Sammanfattning: Integrated landscape approaches are increasingly called for to reconcile multiple objectives from the perspectives of agriculture, forestry, poverty alleviation and biodiversity conservation. Sudano-Sahelian West Africa with low agricultural productivity and widespread poverty is a hotspot for these issues and has attracted international interest in interventions to improve livelihoods. However, integrated knowledge on links between landscapes and livelihoods is scarce. This thesis examines the landscape-livelihoods link using ecosystem services as a lens. In the conceptual framing of the thesis, ecosystem services are seen as co-produced in social-ecological landscapes where ecosystem services and their contribution to livelihoods are defined both by social and biophysical processes. The thesis includes two papers addressing parts of the conceptual framework.
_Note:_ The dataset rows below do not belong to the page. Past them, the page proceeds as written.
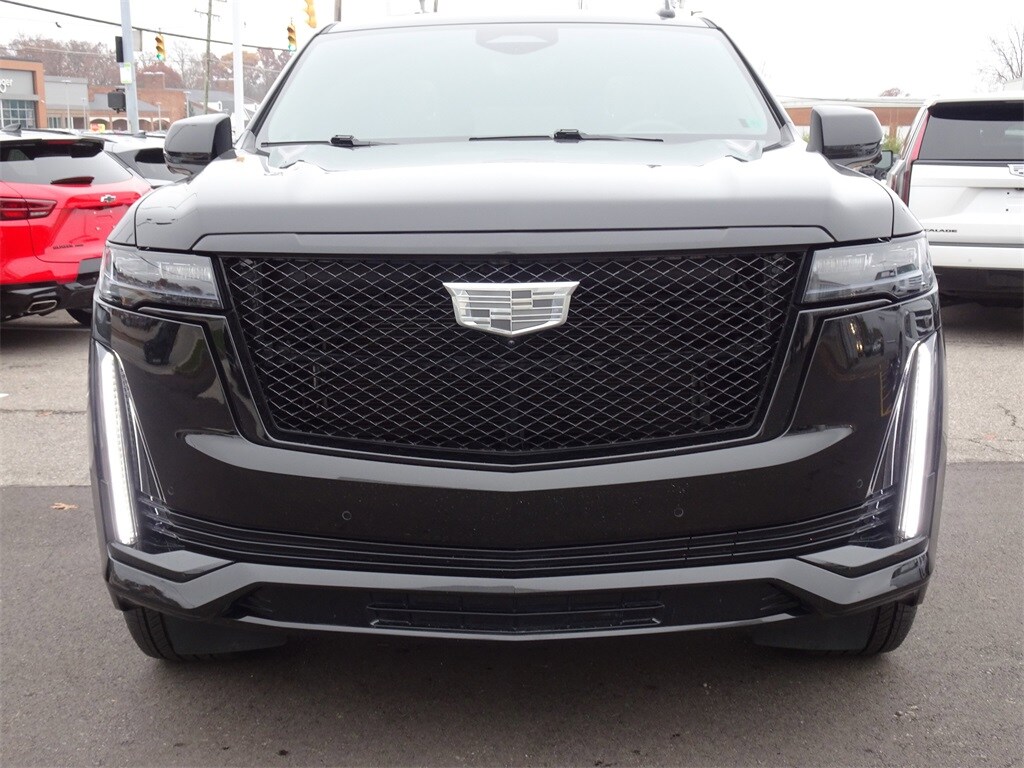 2024 Cadillac Escalade Sport photo 3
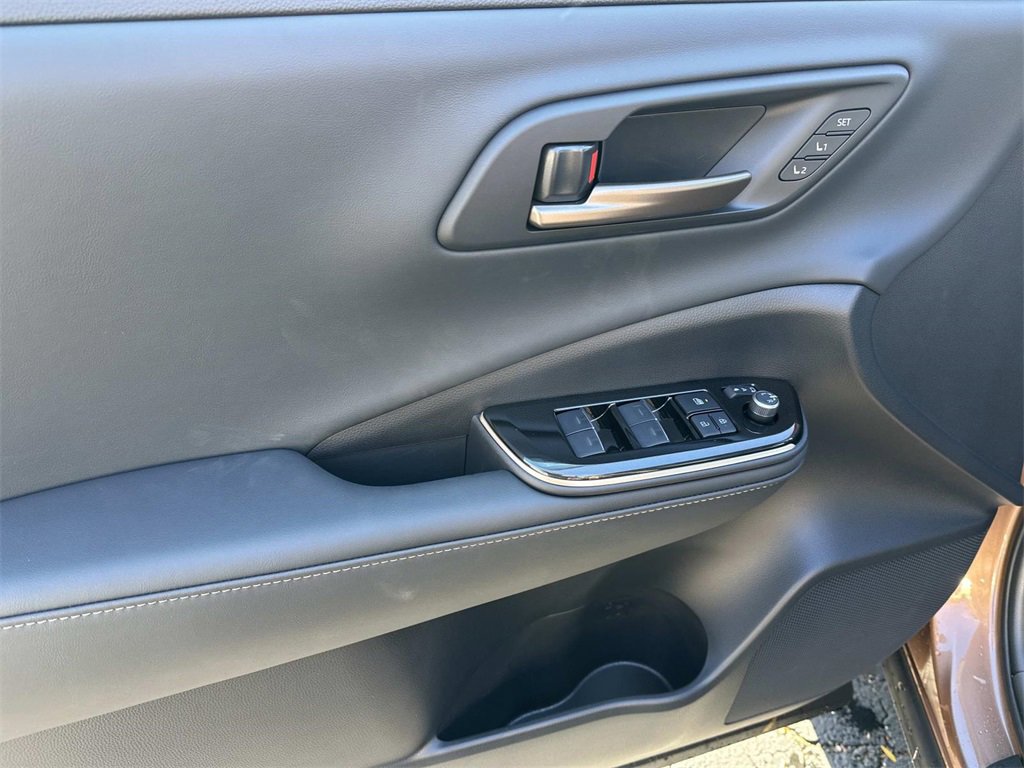 New 2026 Toyota Crown Platinum image 15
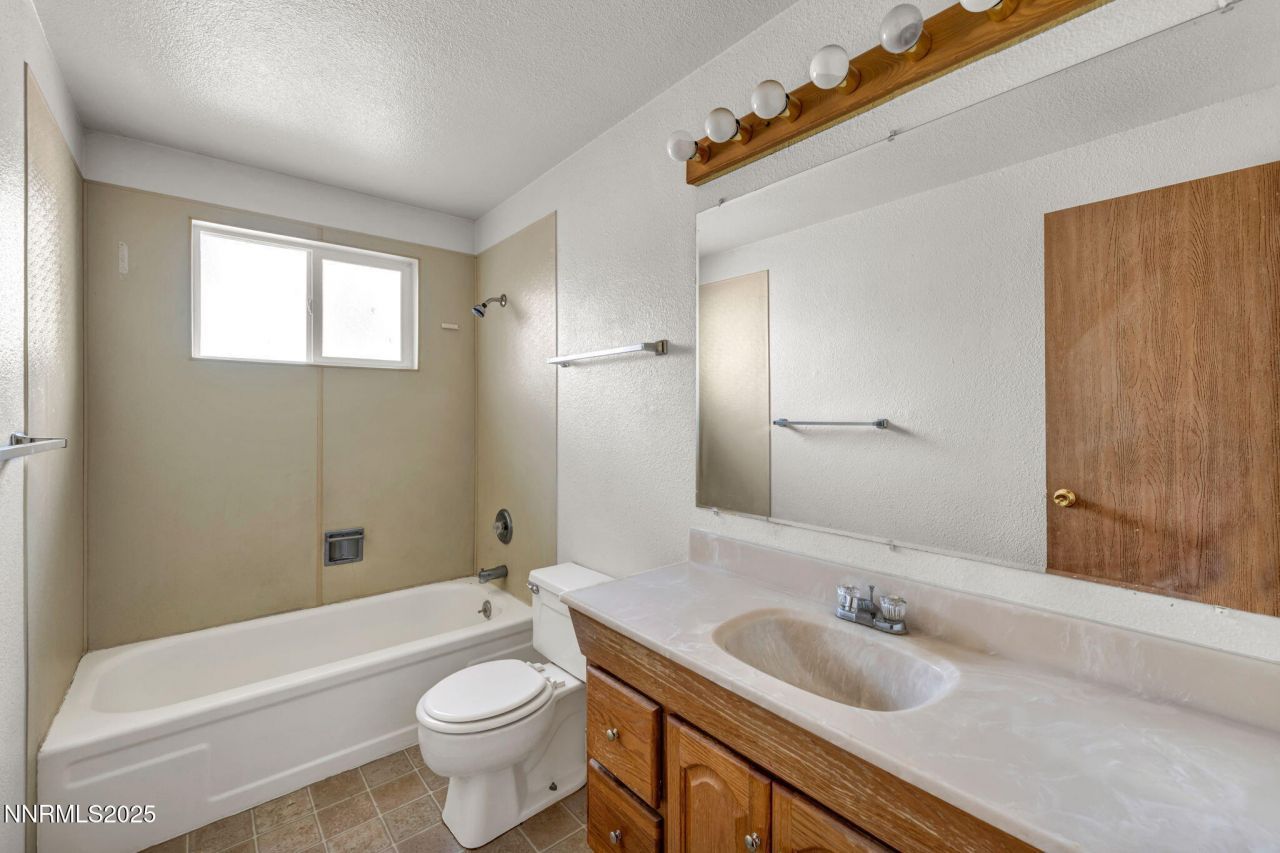 1329 Stanford Drive, Carson City, NV 89701 Photo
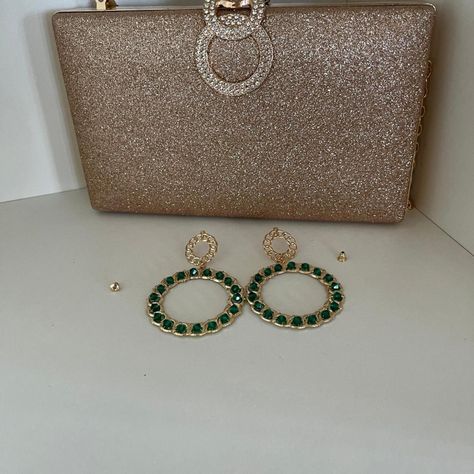 Aros de Color Verde con Dorado y Diseño Circular-2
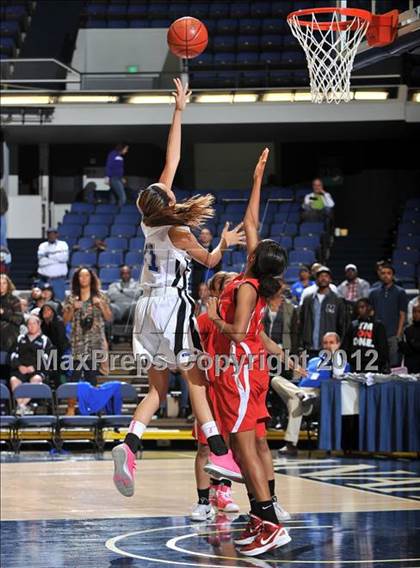 Thumbnail 1 in Serra vs. Windward (CIF SS D4AA Final) photogallery.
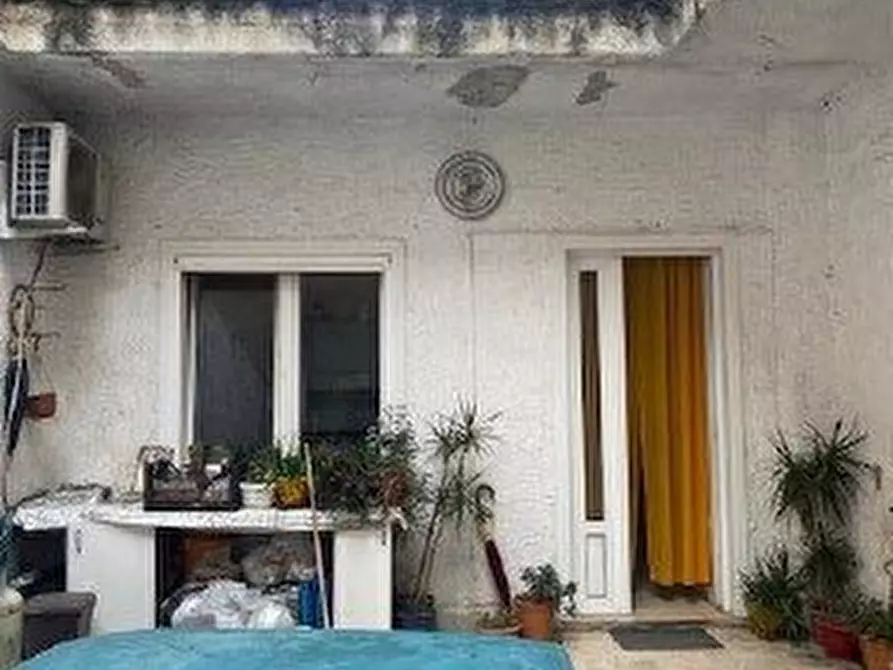 Immagine 2 di Appartamento in vendita  a Mondragone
Paper I synthesises knowledge of how woody vegetation as a landscape component contributes to ecosystem services. It addresses the status of current scientific knowledge from the entire West African Sudano-Sahel. Through a systematic literature review the paper found that knowledge on ecosystem services from woody vegetation is scattered among several different scientific fields, with little previous attempts at synthesising this knowledge. Woody vegetation provides multiple services, but the effect of woody vegetation on crop yield show diverging results. Studies of landscape effects of woody vegetation are largely lacking. Paper II is based on field data from six villages in northern Burkina Faso. The paper identifies social-ecological landscape types present in the villages and the contribution of each landscape type to groups of provisioning ecosystem services and their benefits to livelihoods. Landscapes are shown to be multifunctional, where all landscape types except bare soil contribute to multiple benefit groups, and no benefit group is generated in only one landscape type. The local landscape plays an important role to compensate for cereal loss when crops fail, where most of the contribution is sold to generate income. Livestock has an important insurance function, as it is the main contributor to income when crops fail. This insurance function is important to include in analyses of interventions and management change, as loss of this function can decrease local people’s resilience to droughts in a region with highly variable rainfall.